Getting back into the grind of school after what was essentially two weeks off it tough. Not only is it hard to pump yourself up for class, but the students have gotten used to no real expectations and are not happy to be herded into work.
This week also emphasizes all the tiny idiosyncrasies of Thai school that are so difficult to live with. There is a complete lack of information on anything, so something like the date of midterms is extremely difficult to figure out. Once you do find it and schedule your classes accordingly, you find out it’s a week later and now you’re left with no plan at all. Similarly, midterm week is a bad time to get ground down by Thai formality. Most of school here in Thailand is form and formality. My students spend the bulk of a period making sure that each line they make on a paper is completely straight, ruler tested. If I am not collecting a paper for grading and make no instructions on how to head it, bedlam is let loose! “TEACHER! TEACHER! Name? Class? Sideways? Vertical?” This is obviously a creation of the teachers and they seem to still have it ingrained in their own tendencies. Though I followed the template given to me, nearly perfectly, and though I made the test in front of 6 teachers, I was informed upon completion that I would need to make the test 2 parts: a question sheet and an answer sheet.

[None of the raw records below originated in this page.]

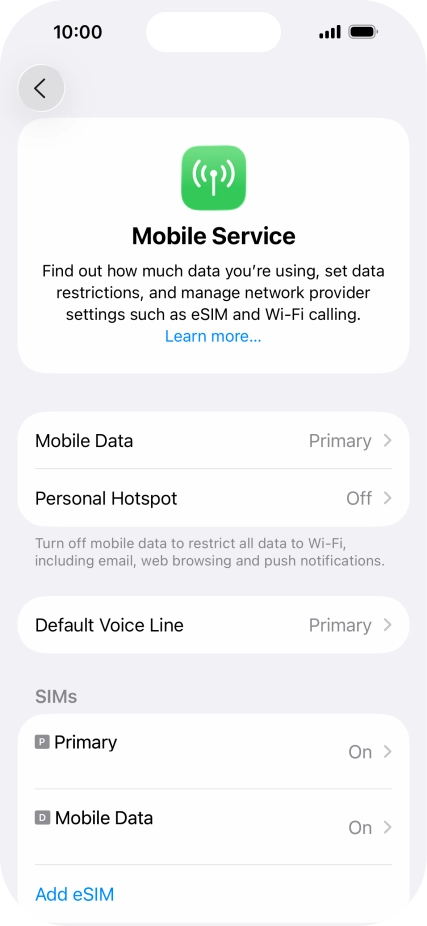 Press Mobile Data.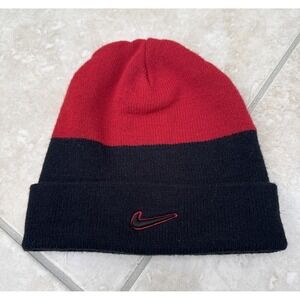 Nike Knitted Beanie W/Swoosh Logo One Size Fits Red & Black Embroidered Logo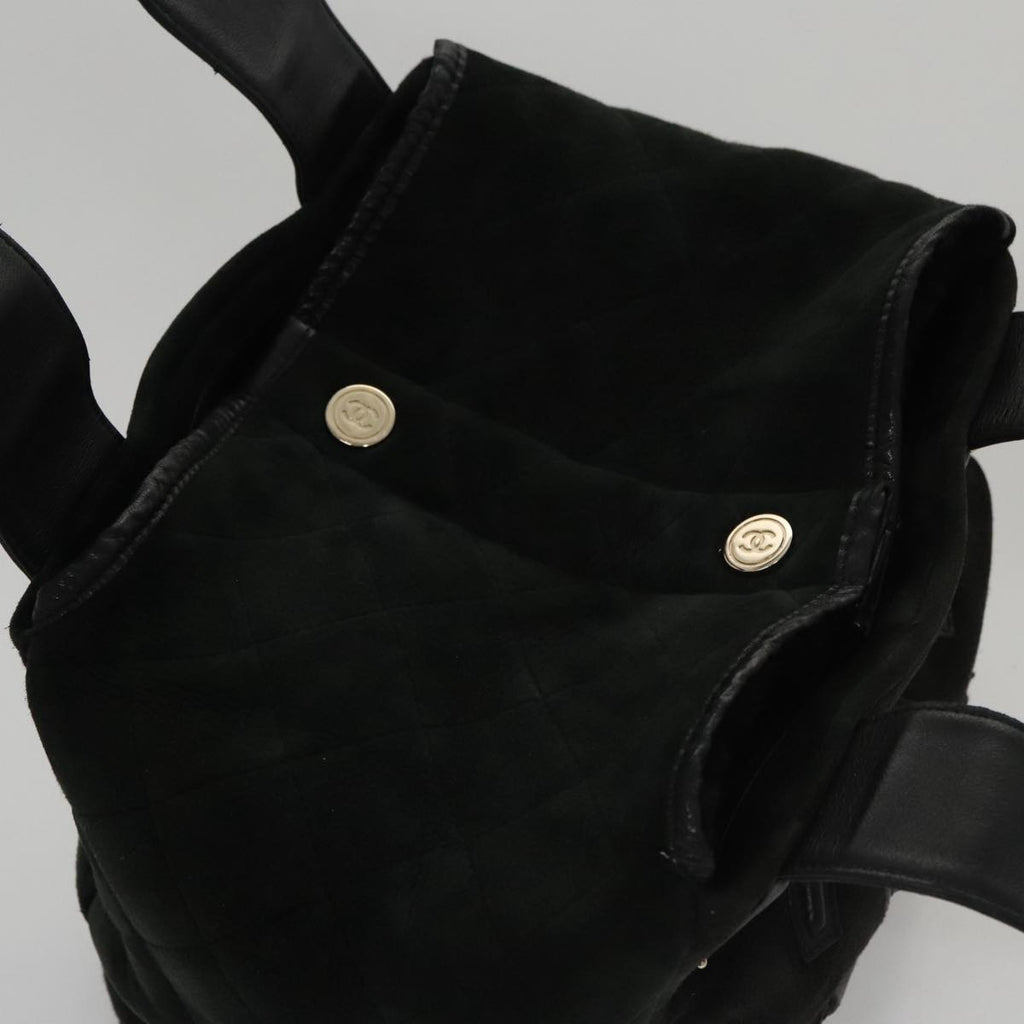 CHANEL Hand Bag Mouton Black CC PP007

To be honest, this is all made more ridiculous by the fact that I am administering a midterm examination at all, considering my oldest student is 8 years old. Most of my babysitting… er, class time is spent singing the alphabet song or trying to teach the art of patty cake (see Scott Beatie’s truths about Thais for further information on the glaring lack of rhythm).
And this, so far as I can tell, is the Catch 22 of ESL teaching. Yes, it opens doors never imagined and stations you on the launch pad for adventure (we were just invited and are setting up a trip to Nagaland [yes, that’s a real place]), but in the meantime, you are stuck making minimum wage, living on a budget, counting down the days until your next trip in a job that makes security guarding look cerebral (I’ve done both). This truth of life is made all the most difficult by watching something like “The Long Way Round”- Charlie Boorman and Ewan McGregor’s trip from London to NY. There guys suck at adventuring, hell, they suck at traveling. They suck at talking into the camera and even though they have the best gear in the world, they suck at riding the bikes. Their trip is easy, producers facilitate travel in and out of countries, fixers make accessible fantastic sights, and the communities pull out all the stops to impress- and though Ewen keeps saying “I’m really in the trip now,” it’s unconvincing; and, frankly it’s disheartening. What a waste of opportunity turned sinful gluttony after a 7 class Tuesday. It’s hard to post on this site- it’s deeply personal and we have no experience or quality control help. Each update is potential embarrassment, yet 3 months in it already looks better than this fully funded TV show and yet we are watching them…
And of course, there isn’t even a 56k internet connection here, so in the last 12 hours of sitting in an internet cafe uploading episodes, we failed to complete one upload.
Ah the frustration of living in an upside down world; working an upside down job; and pooping in a plumbing-less hole. Just think of Koh Tao… think of Koh Tao…
Or, Nagaland? March is only 2 ticks away!